A Community in Search of Advancement
On the heels of moving into its new space in Shineman, the meteorology department’s growth has not slowed. It hired its first climatologist, Michael Veres, who started in the Fall 2015 semester. Veres plans to broaden students’ training to include knowledge of climate dynamics, with coursework dedicated to practical computer modeling and data analysis.
Dr. Veres said he joined SUNY Oswego following the completion of his doctoral studies at the University of Nebraska-Lincoln because of the opportunities for growth within a strong department.
“The advanced technology allows students and faculty to perform research and further our understanding of climatology,” said Dr. Veres.
A global viewpoint will only advance students’ understanding of the weather, Dr. Veres said.

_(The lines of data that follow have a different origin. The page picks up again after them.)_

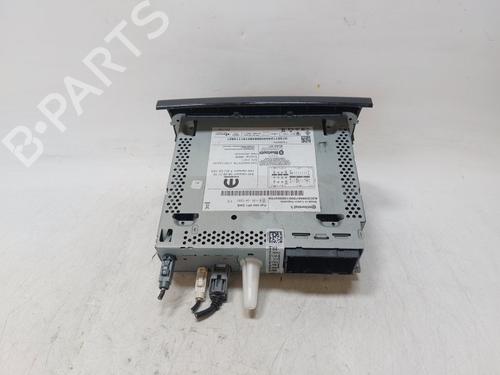 Radio PEUGEOT BOXER Platform/Chassis 2.2 BlueHDi 165 | BP37287179E6 - Image 3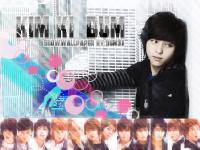 kim ki bum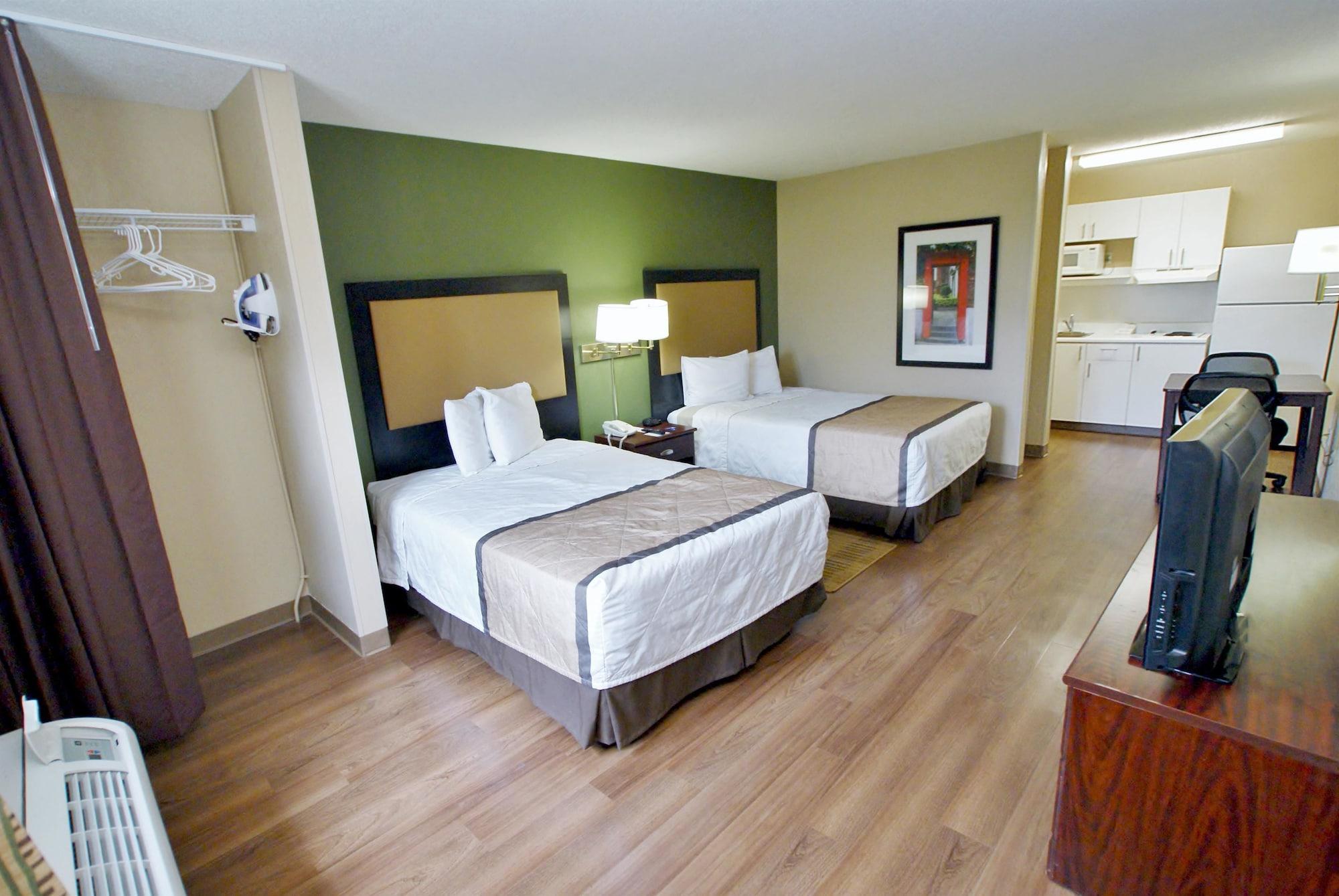 Extended Stay America Select Suites - Nashville - Airport Bagian luar foto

Like all sciences, meteorological advances evolve in cadence with the times and the technological advances available to its students. Reflecting on this evolution—from his time on the Oswego lakeshore to his retirement home in Sun City, Ariz., where he now lives with his wife, Gail Lehrich Shapiro ’74, Shapiro is full of admiration.
“What the students have today compared to what we had, it’s just amazing,” said Shapiro, who spent 35 years as a meteorologist for WTVT-13 in Tampa, Fla.
It was a job he landed because he had a tape of himself standing in a tiny room in Oswego’s TelePrompTer cable TV offices.
Shapiro would walk downtown to stand in front of the single camera in his parka and deliver the forecast for city residents.
No graphics, no computer modeling. Just him.